Back-to-basics healthy eating and the GI diet are among the contenders for America’s attention
Chicago (August 5, 2005)- Atkins Nutritionals' bankruptcy came as no surprise to many food and health experts. In 2004, Mintel's Global New Products Database (GNPD) tracked more than 2,600 new products that hit the U.S. market with low or no-carb claims. In the first half of this year, that number dropped to 700 new introductions.
"Atkins did a good job helping consumers understand the role of carbohydrates in healthy eating," said Lynn Dornblaser, director of consulting services for Mintel's GNPD. "The diet came in very strongly and quickly, then vanished. This is a frequent trend with diets, and their disappearance is inevitable."
With the Atkins diet crashing financially, many consumers are in search of the "next big thing." According to analysts at Mintel International, there are a few new trends sparring to take Atkins' place.
American dieters are beginning to show interest in the glycemic index (GI) diet, which is gaining popularity in the UK and Australia. While it has not yet experienced the same type of success in the U.S., the GI diet is catching some consumer attention.
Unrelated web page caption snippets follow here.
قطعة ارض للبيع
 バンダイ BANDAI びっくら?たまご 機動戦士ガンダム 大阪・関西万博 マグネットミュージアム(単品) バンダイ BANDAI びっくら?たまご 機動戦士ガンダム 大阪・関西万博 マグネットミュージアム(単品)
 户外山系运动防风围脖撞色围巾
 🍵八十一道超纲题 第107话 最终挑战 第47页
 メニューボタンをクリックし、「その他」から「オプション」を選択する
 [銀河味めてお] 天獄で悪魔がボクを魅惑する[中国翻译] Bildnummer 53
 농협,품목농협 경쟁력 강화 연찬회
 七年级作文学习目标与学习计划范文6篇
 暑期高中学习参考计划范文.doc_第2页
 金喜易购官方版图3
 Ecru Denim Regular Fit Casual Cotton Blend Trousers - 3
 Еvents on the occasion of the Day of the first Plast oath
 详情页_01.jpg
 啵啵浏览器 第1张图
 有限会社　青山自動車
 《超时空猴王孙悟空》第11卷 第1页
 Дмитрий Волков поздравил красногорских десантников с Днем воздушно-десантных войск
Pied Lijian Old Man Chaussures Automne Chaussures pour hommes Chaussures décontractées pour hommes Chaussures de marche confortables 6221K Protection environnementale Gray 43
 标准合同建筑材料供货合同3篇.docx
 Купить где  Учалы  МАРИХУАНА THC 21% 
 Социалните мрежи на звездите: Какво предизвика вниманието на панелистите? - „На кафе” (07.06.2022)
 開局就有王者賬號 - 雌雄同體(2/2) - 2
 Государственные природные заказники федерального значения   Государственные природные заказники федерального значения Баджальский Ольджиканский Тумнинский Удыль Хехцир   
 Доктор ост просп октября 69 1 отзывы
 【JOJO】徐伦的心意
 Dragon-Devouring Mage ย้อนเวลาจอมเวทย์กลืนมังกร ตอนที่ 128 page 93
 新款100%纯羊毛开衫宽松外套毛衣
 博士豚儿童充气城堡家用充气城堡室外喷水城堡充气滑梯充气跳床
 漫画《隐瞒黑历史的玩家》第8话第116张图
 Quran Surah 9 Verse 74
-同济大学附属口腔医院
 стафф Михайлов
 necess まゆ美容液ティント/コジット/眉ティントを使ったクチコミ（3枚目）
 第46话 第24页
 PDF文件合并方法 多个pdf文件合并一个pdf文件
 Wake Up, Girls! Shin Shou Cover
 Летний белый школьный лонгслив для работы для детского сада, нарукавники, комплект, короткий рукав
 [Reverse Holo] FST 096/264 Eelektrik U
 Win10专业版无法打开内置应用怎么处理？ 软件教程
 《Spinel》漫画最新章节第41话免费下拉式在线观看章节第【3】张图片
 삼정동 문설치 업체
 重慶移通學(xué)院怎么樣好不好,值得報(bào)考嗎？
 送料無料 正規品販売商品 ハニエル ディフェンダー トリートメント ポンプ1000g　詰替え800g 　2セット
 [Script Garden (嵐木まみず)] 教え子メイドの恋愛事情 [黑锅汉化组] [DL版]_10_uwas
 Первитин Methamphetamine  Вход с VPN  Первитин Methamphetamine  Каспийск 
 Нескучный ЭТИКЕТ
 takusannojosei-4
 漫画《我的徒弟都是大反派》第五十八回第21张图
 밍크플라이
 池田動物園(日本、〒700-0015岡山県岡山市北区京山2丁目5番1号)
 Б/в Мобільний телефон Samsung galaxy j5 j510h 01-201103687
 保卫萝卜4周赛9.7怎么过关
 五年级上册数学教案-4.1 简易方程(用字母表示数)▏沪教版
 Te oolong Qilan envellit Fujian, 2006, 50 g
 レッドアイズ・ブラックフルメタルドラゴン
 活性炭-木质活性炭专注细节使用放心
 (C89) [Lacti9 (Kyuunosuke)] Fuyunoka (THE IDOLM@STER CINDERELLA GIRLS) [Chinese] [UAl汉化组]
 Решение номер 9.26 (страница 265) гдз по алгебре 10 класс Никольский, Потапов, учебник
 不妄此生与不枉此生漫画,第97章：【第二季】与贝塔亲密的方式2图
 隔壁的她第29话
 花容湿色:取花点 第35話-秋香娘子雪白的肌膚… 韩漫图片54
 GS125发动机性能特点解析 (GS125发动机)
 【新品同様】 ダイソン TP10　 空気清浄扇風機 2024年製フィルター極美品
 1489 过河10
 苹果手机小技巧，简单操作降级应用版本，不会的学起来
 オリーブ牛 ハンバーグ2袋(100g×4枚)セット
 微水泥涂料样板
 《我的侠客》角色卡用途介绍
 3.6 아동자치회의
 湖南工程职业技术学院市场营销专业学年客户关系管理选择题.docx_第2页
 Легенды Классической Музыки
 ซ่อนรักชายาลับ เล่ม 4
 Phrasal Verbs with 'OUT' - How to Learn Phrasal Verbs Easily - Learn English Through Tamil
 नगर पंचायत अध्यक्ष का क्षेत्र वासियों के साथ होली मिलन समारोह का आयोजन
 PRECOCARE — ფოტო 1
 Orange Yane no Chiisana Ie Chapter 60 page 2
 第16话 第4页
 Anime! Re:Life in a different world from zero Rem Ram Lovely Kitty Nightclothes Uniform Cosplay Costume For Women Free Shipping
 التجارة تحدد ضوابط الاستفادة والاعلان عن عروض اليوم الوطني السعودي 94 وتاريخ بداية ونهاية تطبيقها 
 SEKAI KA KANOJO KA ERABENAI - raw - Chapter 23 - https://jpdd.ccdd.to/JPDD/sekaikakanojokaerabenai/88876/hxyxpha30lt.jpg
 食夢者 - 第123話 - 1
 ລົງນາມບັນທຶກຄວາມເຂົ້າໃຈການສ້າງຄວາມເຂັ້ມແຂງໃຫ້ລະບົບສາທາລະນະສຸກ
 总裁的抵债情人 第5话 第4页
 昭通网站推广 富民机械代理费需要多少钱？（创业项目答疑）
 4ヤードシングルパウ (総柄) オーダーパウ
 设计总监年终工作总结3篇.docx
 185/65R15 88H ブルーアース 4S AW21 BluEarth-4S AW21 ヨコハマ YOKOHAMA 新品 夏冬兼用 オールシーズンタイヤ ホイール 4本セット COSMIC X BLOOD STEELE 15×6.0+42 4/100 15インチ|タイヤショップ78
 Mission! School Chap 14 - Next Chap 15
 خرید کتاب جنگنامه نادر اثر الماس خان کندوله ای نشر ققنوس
This diet is seen as addressing the specific needs of individual dieters, as opposed to the one-program-fits-all dieting approach.
"Chronic dieters are constantly on the lookout for new schemes and plans," said Marcia Mogelonsky, senior research analyst for Mintel. "In contrast, the general public is more likely to adopt an eating plan that includes healthy foods, sensible eating, and exercise programs. The old fashioned method of eating healthy food is making a comeback."
In a recent Mintel report on attitudes towards diet and exercise, only 11 percent of respondents were willing to try a new diet. However, a staggering 67 percent were trying to eat healthier foods. This indicates that many dieters are shifting to more traditional dieting behavior that includes eating better and exercising.